▶ _Caption-style text data_
Content starts
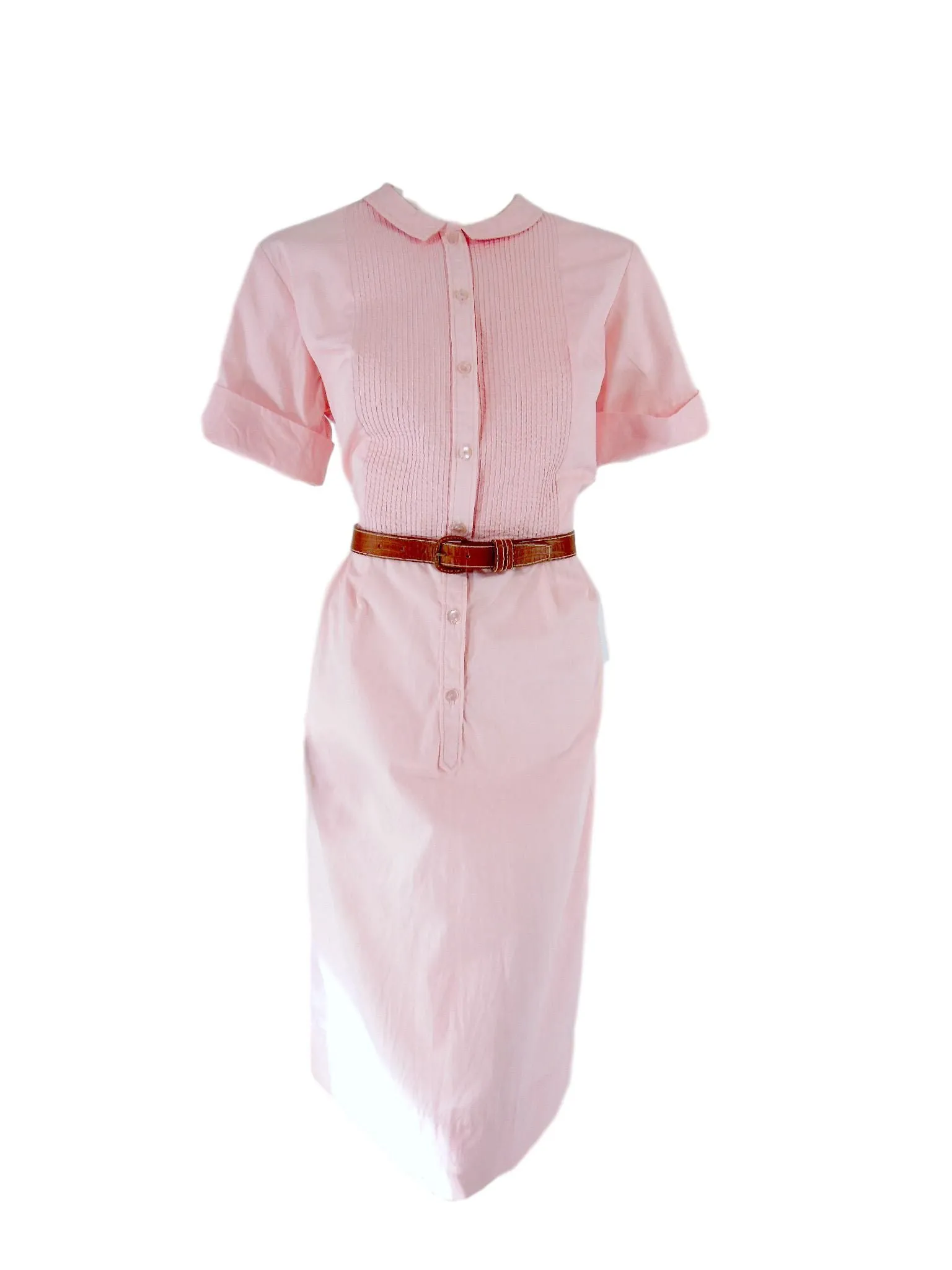 60s Shirtwaist Dress in Pink Cotton - med, lg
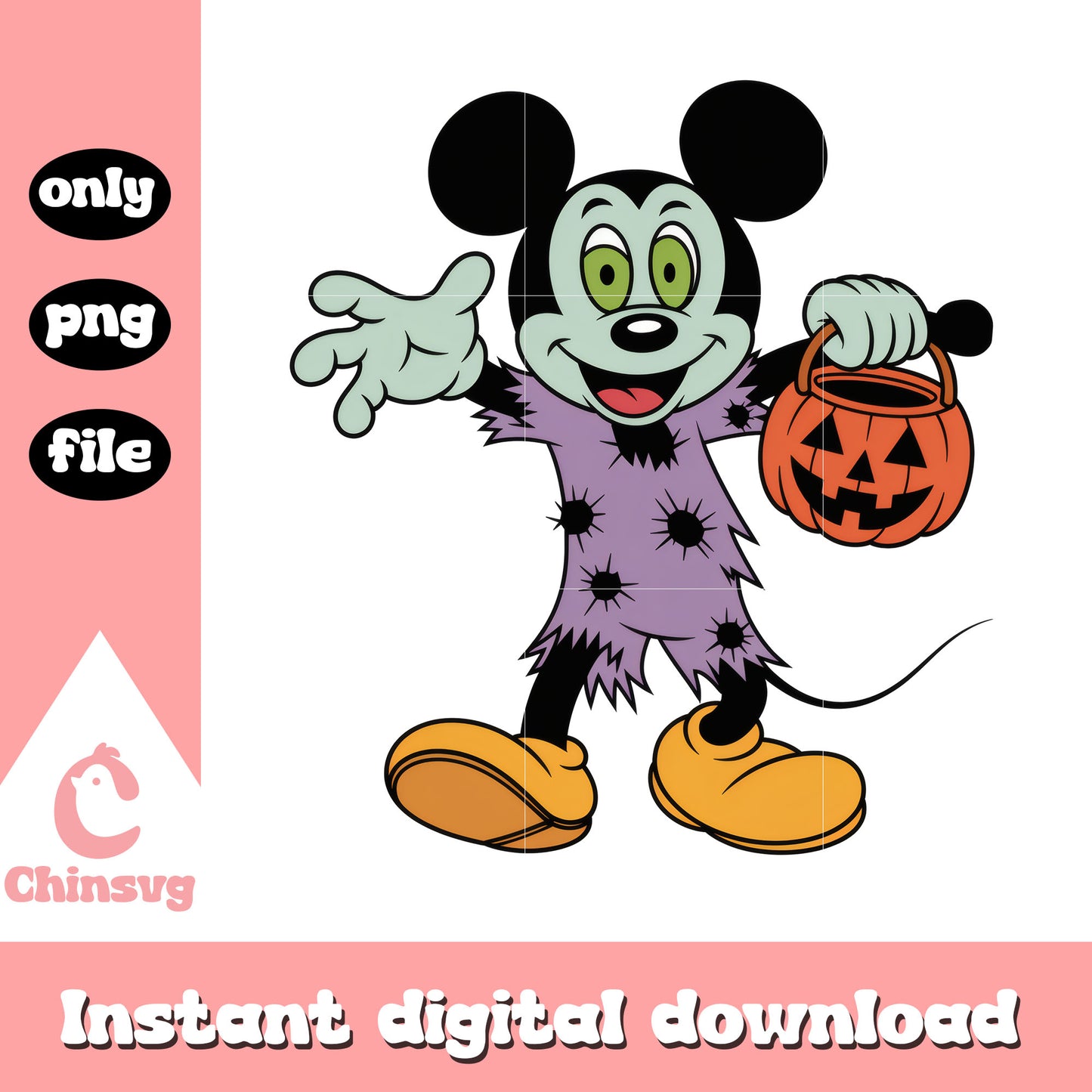 Mickey zombie carry pumpkin candy bag png, mickey halloween png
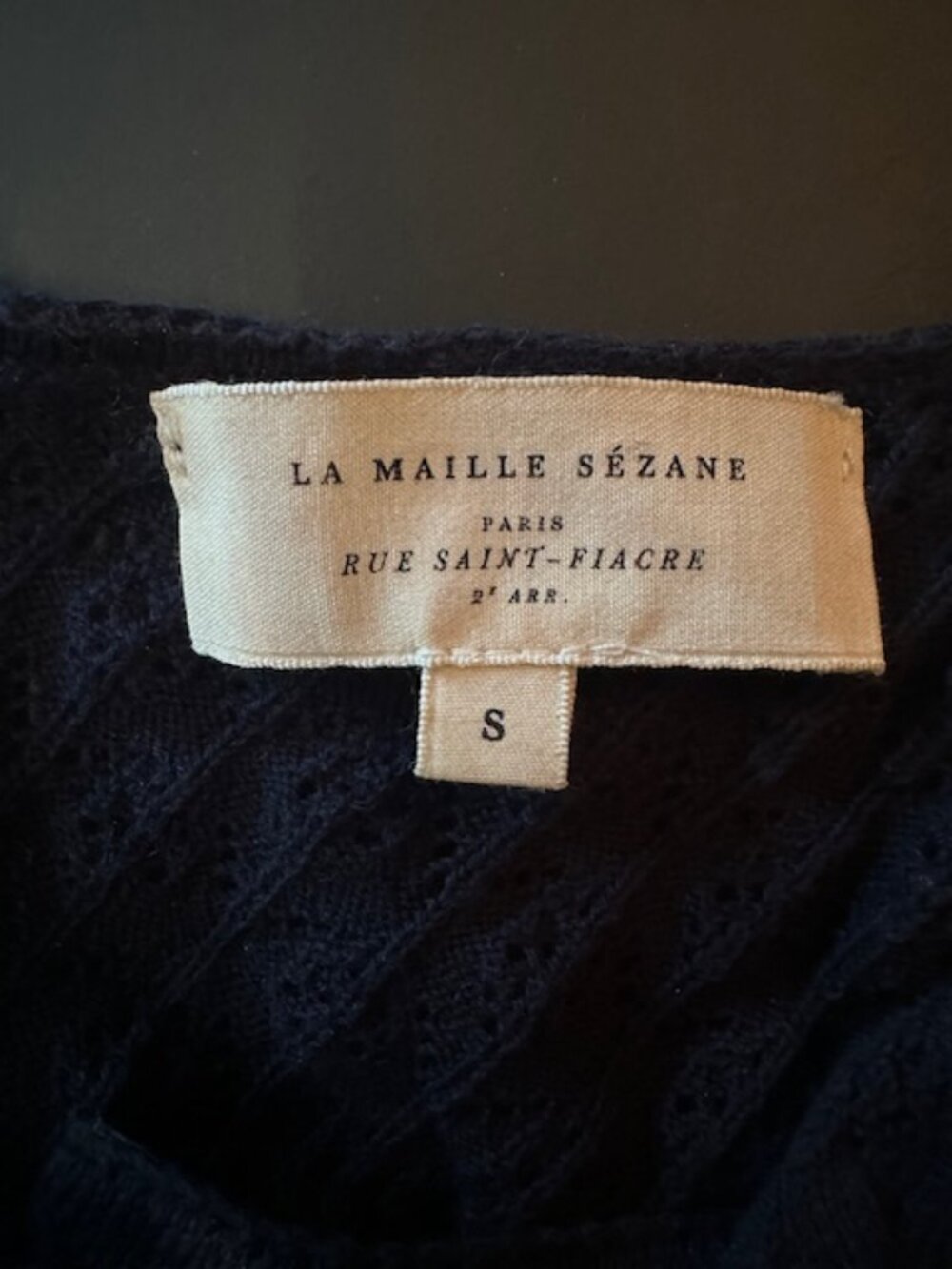 Sezane Adela Cardigan Navy S NWOT - Picture 3 of 3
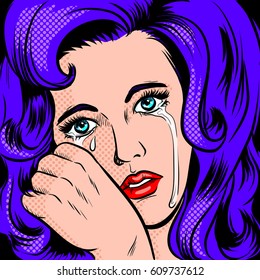 Sad girl crying pop art retro vector illustration. Comic book style imitation.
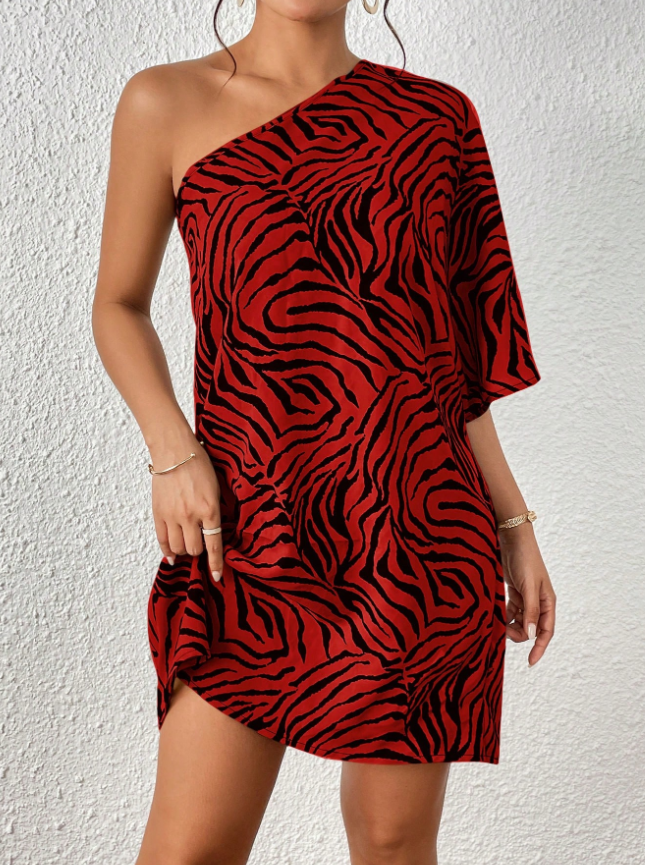 Casual Jurk – Asymmetrische Kraag & Natuurlijke Taille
Content ends
Nothing but the lines from the first line of the data above through the line holding "Sad girl crying" may appear in the response, copied exactly and without pictures.

▶ _Written answer_
 60s Shirtwaist Dress in Pink Cotton - med, lg
 Mickey zombie carry pumpkin candy bag png, mickey halloween png
 Sezane Adela Cardigan Navy S NWOT - Picture 3 of 3
 Sad girl crying pop art retro vector illustration. Comic book style imitation.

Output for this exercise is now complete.